## Required action
The lines to copy run from the one containing "Polymers 09 00543 g010" to the end of the listing. Please write them out exactly, minus the pictures.

## Data below
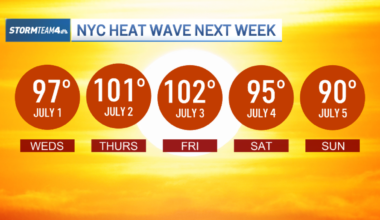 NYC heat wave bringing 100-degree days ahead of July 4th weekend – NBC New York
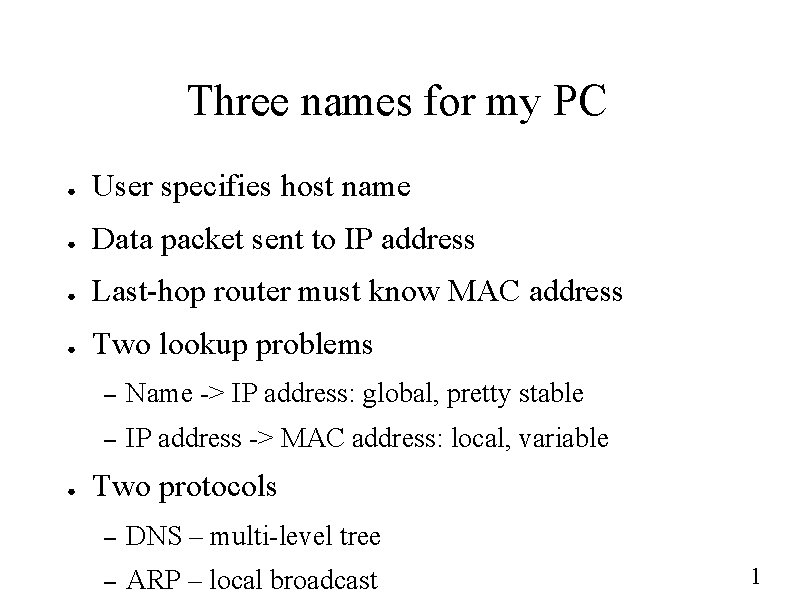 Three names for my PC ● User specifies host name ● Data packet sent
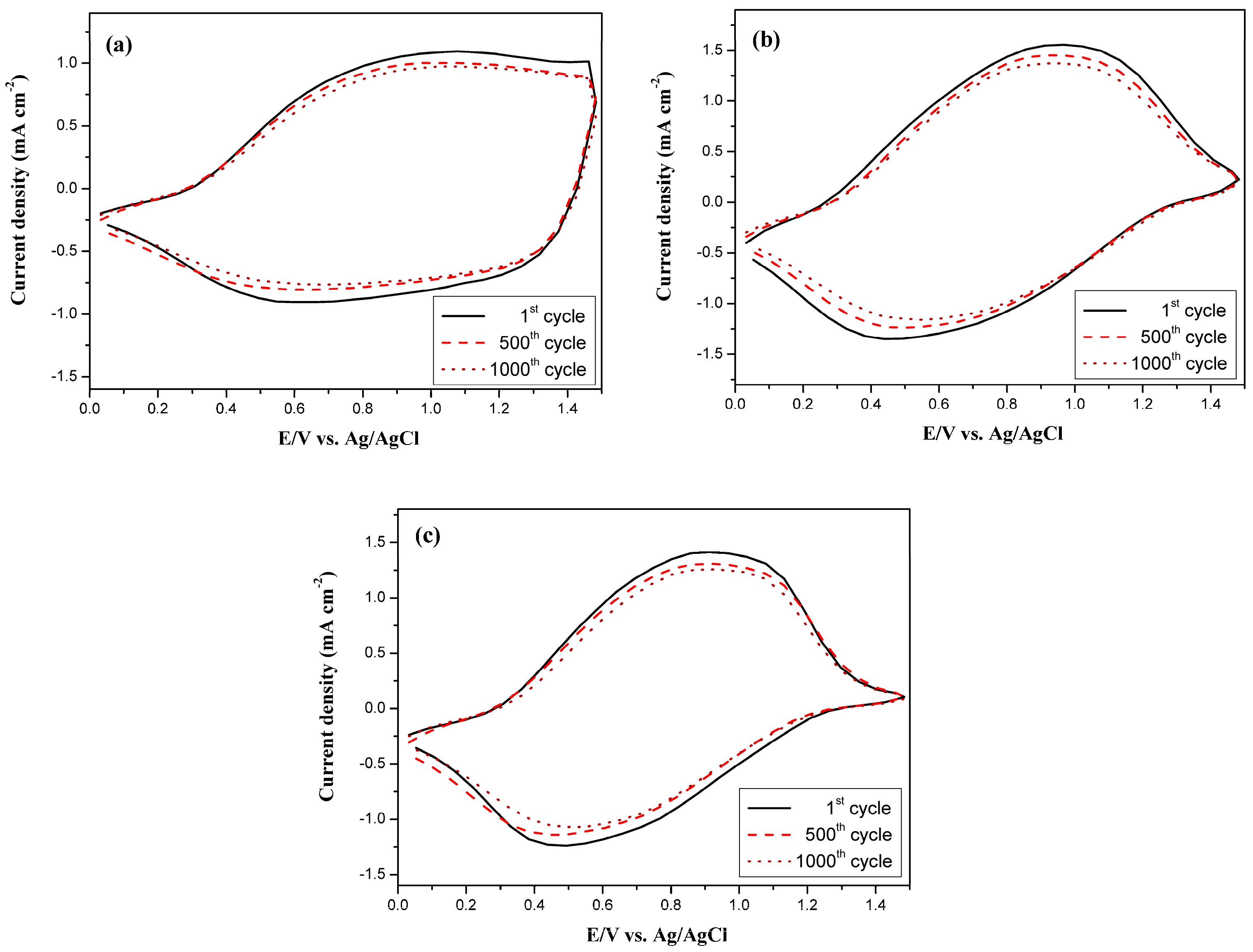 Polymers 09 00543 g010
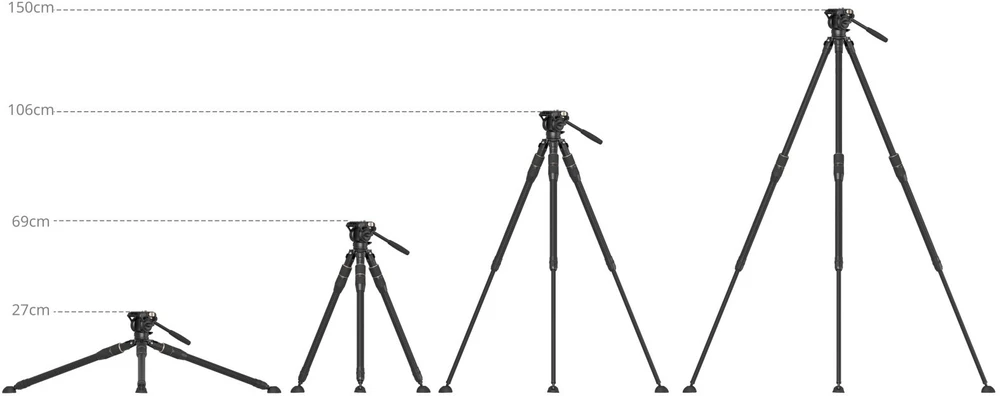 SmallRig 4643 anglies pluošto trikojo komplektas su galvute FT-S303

## Result for this exercise
 Polymers 09 00543 g010
 SmallRig 4643 anglies pluošto trikojo komplektas su galvute FT-S303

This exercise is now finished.